"Es wird eine bedeutende Verwerfung für die Autoindustrie in diesem Quartal geben", sagte der Wirtschaftsweise Volker Wieland in einem am Dienstag veröffentlichten Reuters-Interview. Auf die Frage, ob deutsche Hersteller wie Daimler oder Volkswagen ihre Gewinnziele wegen der Viruskrise zurückstutzen müssten, antwortete er: "Ich denke schon.

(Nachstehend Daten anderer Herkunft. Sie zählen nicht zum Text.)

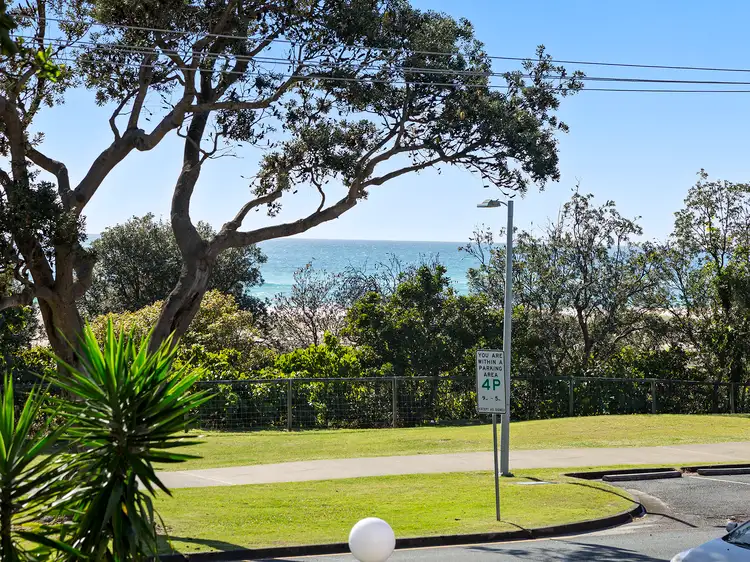 Second view of Homely unit listing, 4/134 Pacific Parade, Bilinga QLD 4225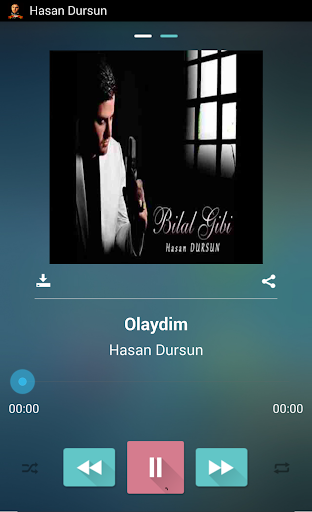 免費下載音樂APP|Hasan Dursun İlahileri Dinle app開箱文|APP開箱王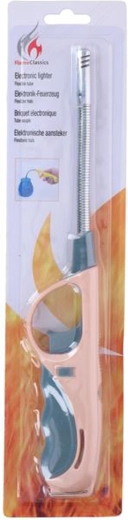 Fleksibilni BBQ vžigalnik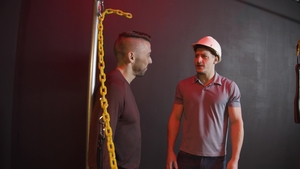 Next Door Raw: Dalton's Unexpected Surprise for Shane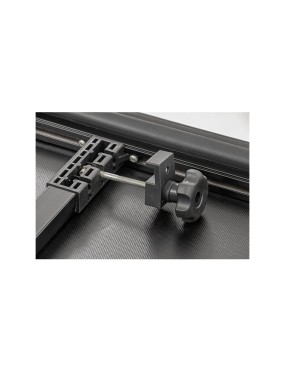 Miękka pokrywa paki tri-fold Rough Country 6'4"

Auf jeden Fall wird es beim Absatz in China einen Einbruch geben - wenn auch nur temporär." Wieland hält es für möglich, dass es nach Abklingen der Krise einen positiven "Rückpralleffekt" im nächsten und übernächsten Quartal geben wird.

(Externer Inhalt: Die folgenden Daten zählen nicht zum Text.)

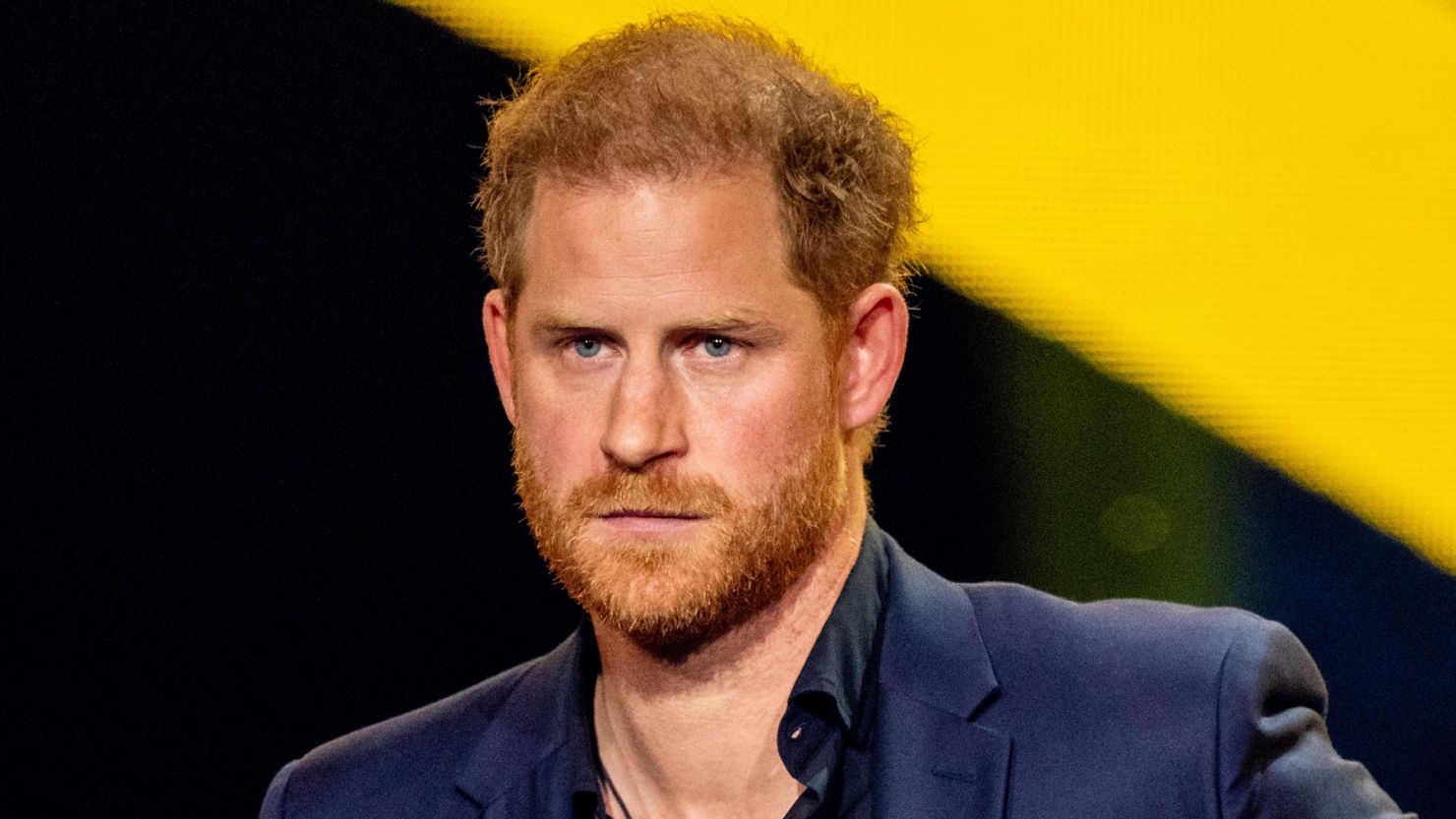 Prince Harry has returned to the UK to be with King Charles in a rare moment for the UK amid family rifts.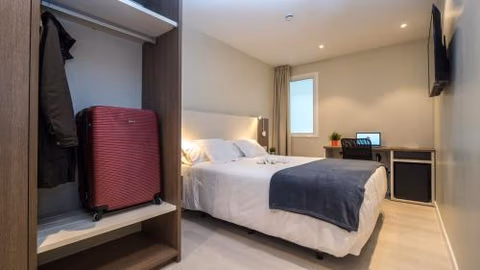 Hotel Ciudadela Pamplona — foto 3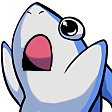 sadshark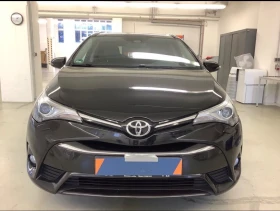 Toyota Avensis 2.0 D-4D^Executive^FullExtra^ Keyless ^ Кожа, снимка 2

Die Autoindustrie spürt zurzeit weltweit die Folgen des Virusausbruchs in der Volksrepublik. Für die deutschen Hersteller ist China der wichtigste Markt und ein wachsender Produktionsstandort. Die Epidemie könnte Experten zufolge den Autoabsatz und die Fertigung in China in diesem Jahr um drei bis fünf Prozent nach unten drücken.
Einmaliger Schock?
Wieland verwies darauf, dass die deutschen Autounternehmen auch sehr viele Fahrzeuge in China produzieren. "Und das nicht nur für den chinesischen Markt. Das heißt, dass es auch Lieferprobleme geben wird, wenn sie oder ihre Zulieferer den Betrieb temporär einstellen." Doch werde das Virus auch wieder abklingen. "Und deswegen denke ich, dass man es als einmaligen Schock kategorisieren kann - wobei es auch nachfolgend eine gewisse Erholung gibt und nicht eine strukturelle Schwäche", sagte der Frankfurter Ökonom, der auch als Nachfolger des scheidenden Chefs der Wirtschaftsweisen, Christoph Schmidt, gehandelt wird.

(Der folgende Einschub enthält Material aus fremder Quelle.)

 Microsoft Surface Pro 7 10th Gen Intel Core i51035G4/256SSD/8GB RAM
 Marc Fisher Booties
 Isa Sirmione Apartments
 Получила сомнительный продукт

China könnte Wachstumsziel absenken
In China sind an dem Virus nach Angaben der Gesundheitsbehörden bisher mehr als 1000 Menschen gestorben. Die Zahl der festgestellten Infektionen liegt bei mehr als 42.000. Die Führung in Peking strebt an, ihre wirtschaftlichen und sozialpolitischen Ziele für dieses Jahr trotz des Virusausbruchs zu erreichen. Wie Reuters von Insidern erfuhr, wird in Peking jedoch auch über eine Absenkung des angestrebten Wachstumsziels für 2020 von sechs Prozent diskutiert. Viele Ökonomen halten es ohnehin für nicht mehr haltbar.
Wieland sagte dazu: "Für uns als Beobachter ist es immer schwierig, mit den offiziellen chinesischen Wachstumszahlen umzugehen." Es gebe keine Volkswirtschaft, die so exakt und stabil sei wie China, was die Entwicklung des Bruttoinlandsprodukts (BIP) betreffe. Ob die Zahlen "auf die eine oder andere Weise" vielleicht doch angepasst würden, lasse sich nicht ausschließen. "Ob die Wachstumsziele in China gehalten werden, hat vielleicht auch einiges mit politischen Entscheidungen zu tun und nicht nur mit wirtschaftlicher Messung", sagte Wieland.